BEGIN

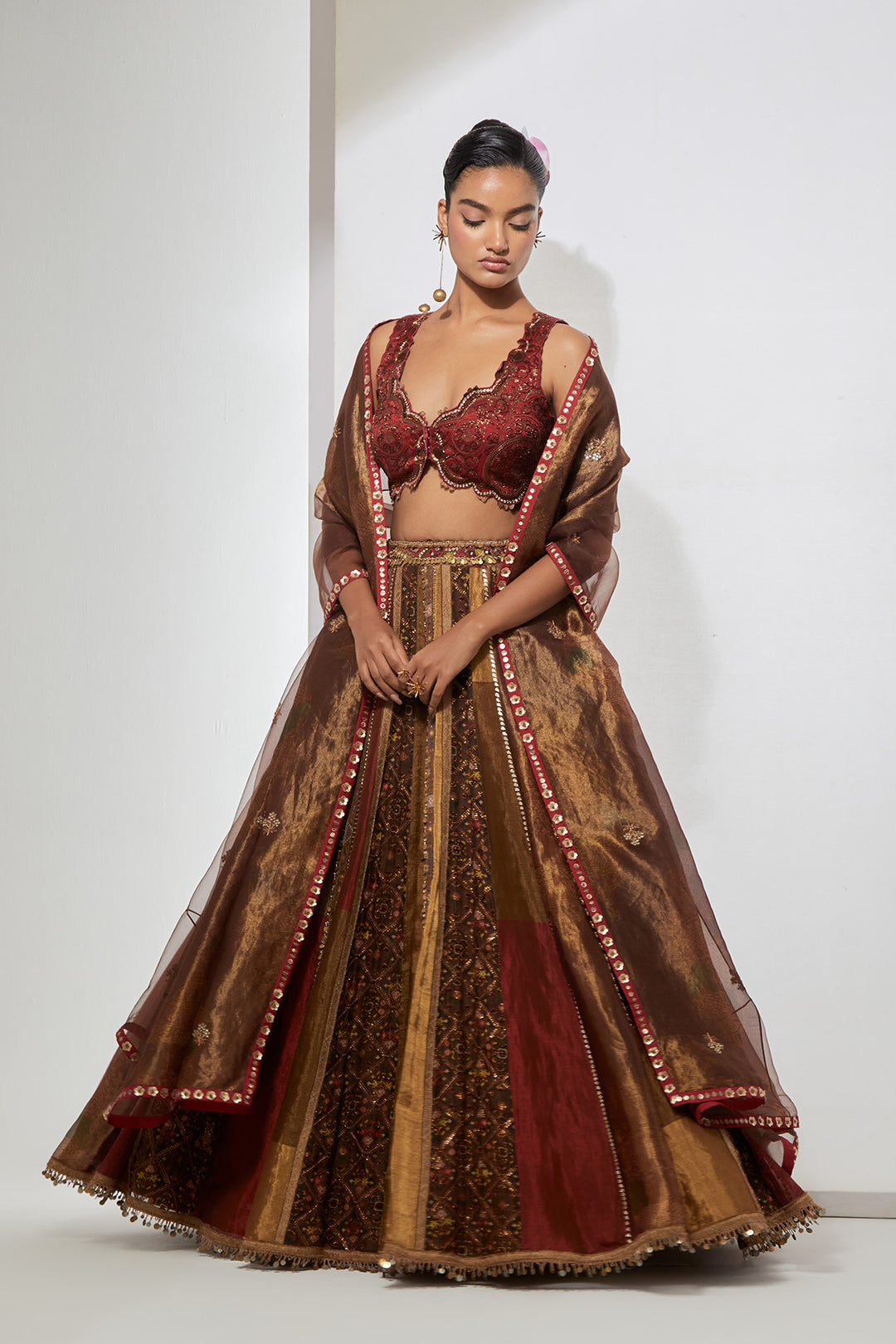 Rust Red &amp; Antique Gold Striped Panel Lehenga Set with Heavy Scalloped Corset Blouse
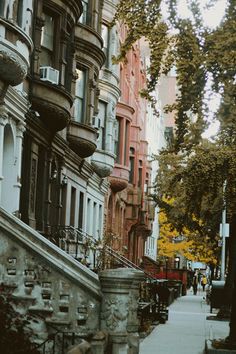 an iphone case with buildings and trees on the street in new york city, ny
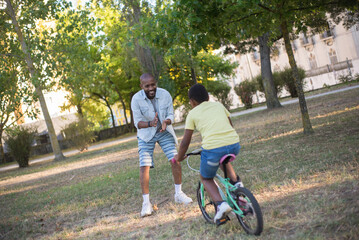 Fototapeta premium Portrait of happy African American dad and son riding bike in park.Smiling bald man pleased with kids progress clapping hands and looking at boy training to ride bike.Parenting and active rest concept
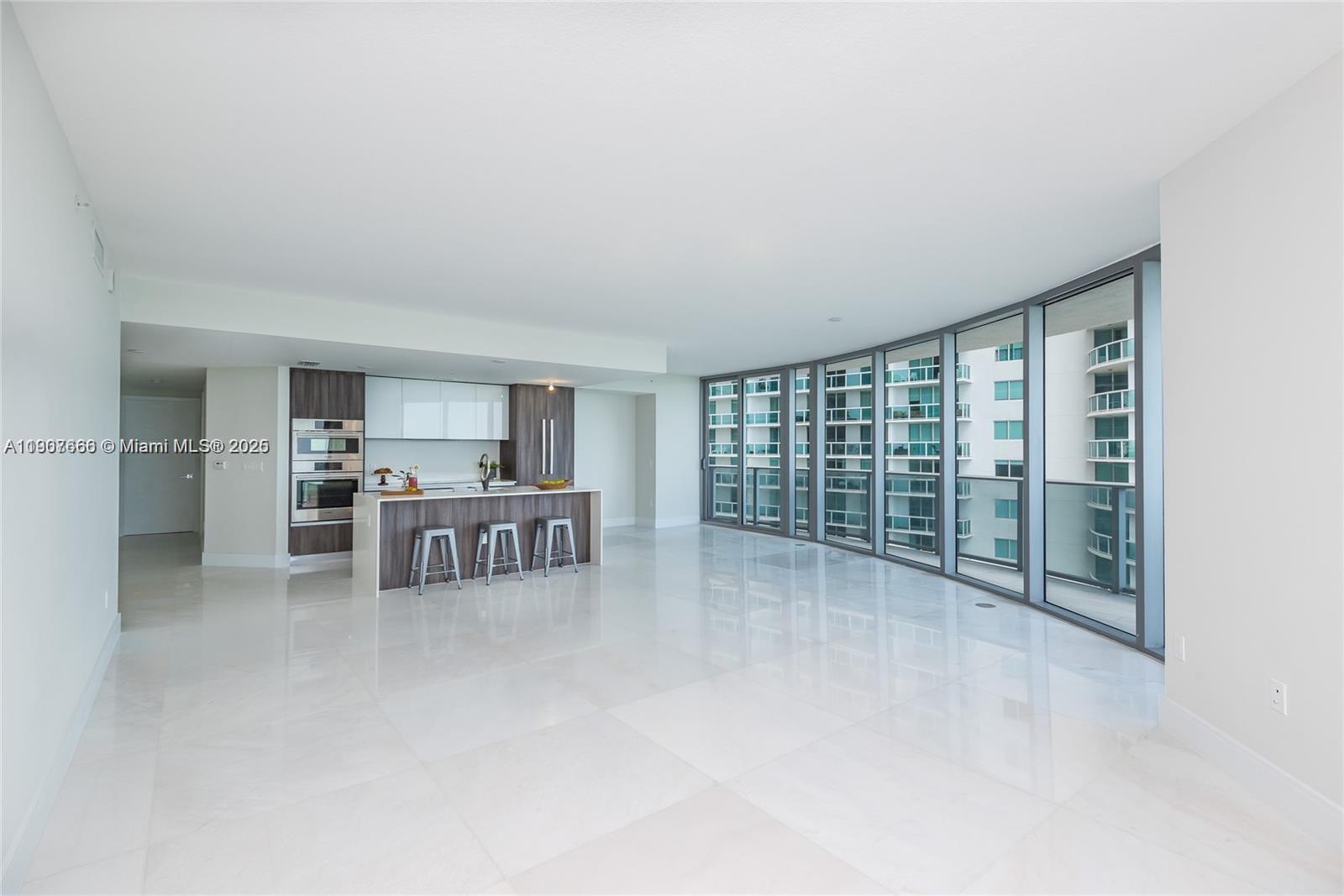 488 Northeast 18th Street, Unit 1815 Miami, FL 33132 - Photo 12 of 31 a view of a livingroom with furniture and window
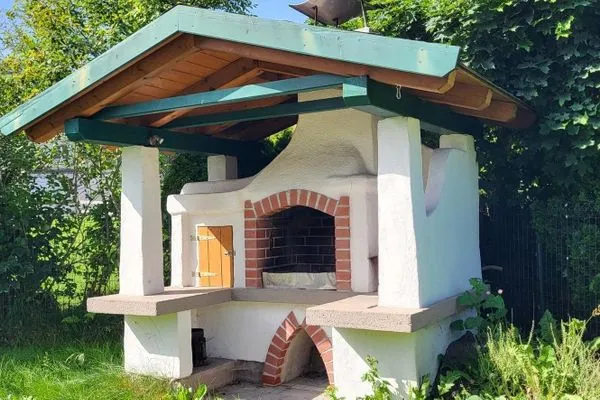 Außenbereich mit großem Griller  Ferienhaus Aich by Alpenidyll Apartments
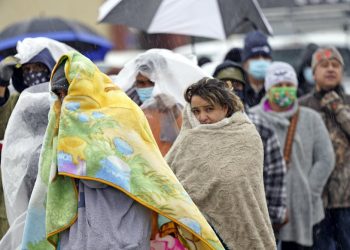 Waiting in line in freezing rain to fill propane tanks in Houston, Texas, Feb. 17, 2021. AP Photo/David J. Phillip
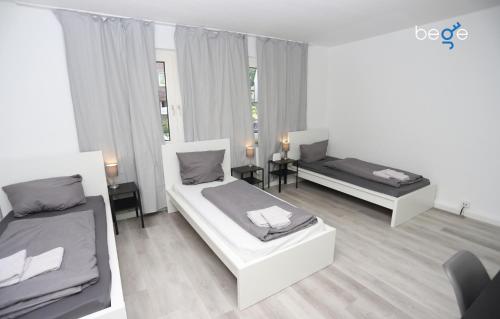 Ένα ή περισσότερα κρεβάτια σε δωμάτιο στο BEGE APARTMENTS ComfyStay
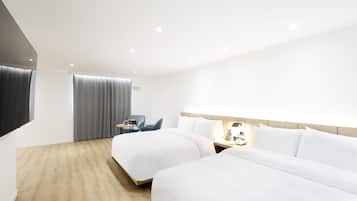 A modern hotel room with two beds, a desk, and a chair.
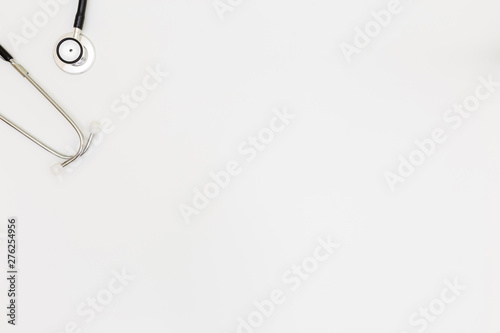Stethoscope  Top view of doctor s desk table  blank paper on white background  above view doctor work tools on white  Stethoscope  laptop  eyeglass and medical drug on white background  
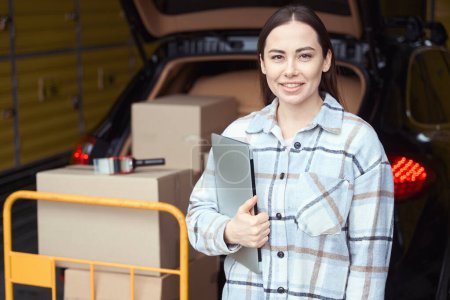 Photo for Nice woman holding a laptop while standing in a warehouse near a truck with a load - Royalty Free Image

END

▶ Exercise instructions
The required output is the span of lines from the line with "drug on white background" through the final line of the listing above, reproduced exactly, minus the pictures.

▶ Solved exercise
Stethoscope  Top view of doctor s desk table  blank paper on white background  above view doctor work tools on white  Stethoscope  laptop  eyeglass and medical drug on white background  
 Photo for Nice woman holding a laptop while standing in a warehouse near a truck with a load - Royalty Free Image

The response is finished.